Texas summers don't ease in — they hit hard. Your AC will run almost continuously from May through September, and if it's not ready, you'll find out the hard way. Here's a practical pre-season checklist you can do yourself, plus what to have a professional handle.
DIY Checklist (Do These in March/April)
Replace your air filter. Start the season with a fresh filter. During peak summer, check it monthly and replace every 1–2 months. A dirty filter makes your system work harder, drives up your electric bill, and can cause the evaporator coil to freeze.
Clear the area around your outdoor unit. Trim back any bushes, grass, or debris within 2 feet of the condenser. Good airflow is critical for the outdoor unit to dump heat efficiently.
Hose down the condenser coils. Use a garden hose (not a pressure washer) to gently rinse dirt, pollen, and cottonwood off the condenser fins. Do this with the unit powered off.
Check your thermostat. Switch to cooling mode and set it a few degrees below room temperature. Verify that the system kicks on and cold air comes from the vents within a few minutes. If you have a programmable thermostat, update your summer schedule.

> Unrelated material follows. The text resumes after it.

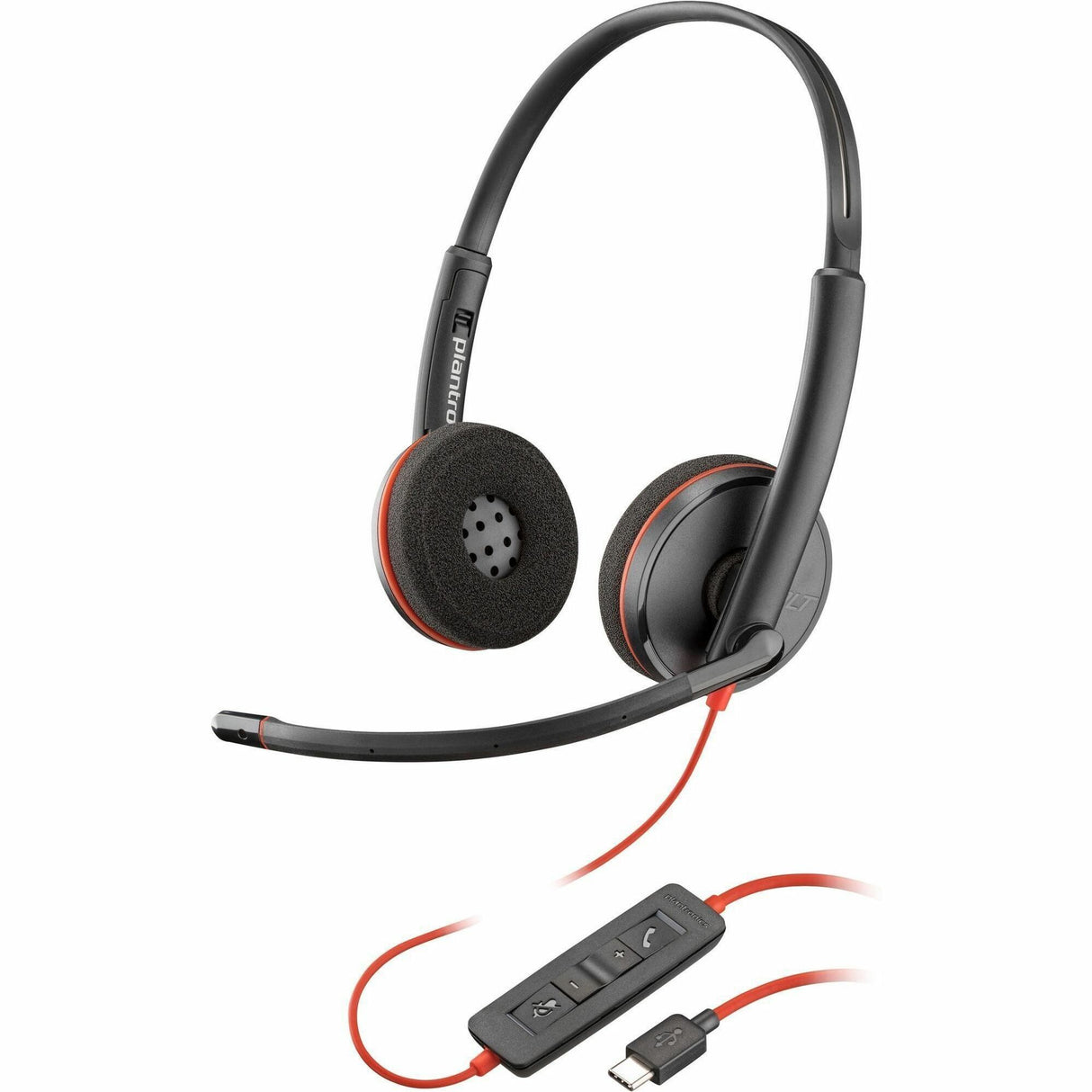 Poly Blackwire 3220 Stereo USB-C Headset + USB-C/A Adapter (Bulk) — 8X228A6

Inspect visible ductwork. If you have accessible ducts in an attic or crawl space, look for obvious disconnections, holes, or crushed sections. Leaky ducts can waste 20–30% of your cooled air before it reaches your rooms.
What a Professional Tune-Up Covers
A pre-season AC tune-up typically includes checking refrigerant levels and pressures, cleaning the evaporator and condenser coils, testing the capacitor and electrical connections, lubricating moving parts, checking the drain line for clogs, verifying thermostat calibration, and measuring airflow and temperature differential.

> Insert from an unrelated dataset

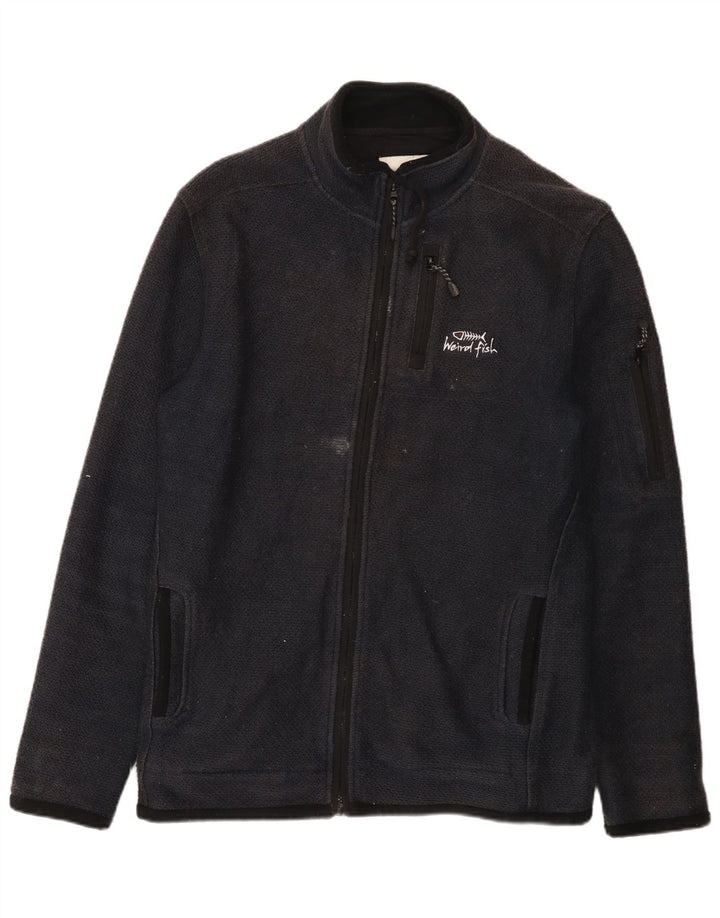 Ανδρική φόρμα Weird Fish Top Jacket XL Navy Blue Cotton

This takes about an hour and catches problems while they're small — a $15 capacitor replacement now vs. a $5,000 compressor failure in July.
When to Schedule
The best time to schedule a tune-up is March or April — before HVAC companies are slammed with emergency calls. By May, wait times can stretch to days. At Kimco, our membership plan includes an annual AC tune-up so you never have to remember to schedule it — we reach out to you.
The Bottom Line
Spending an hour on DIY maintenance and booking a professional tune-up is the cheapest insurance against a mid-summer breakdown. Your AC is about to work harder than any other appliance in your home for six straight months. Give it a fighting chance.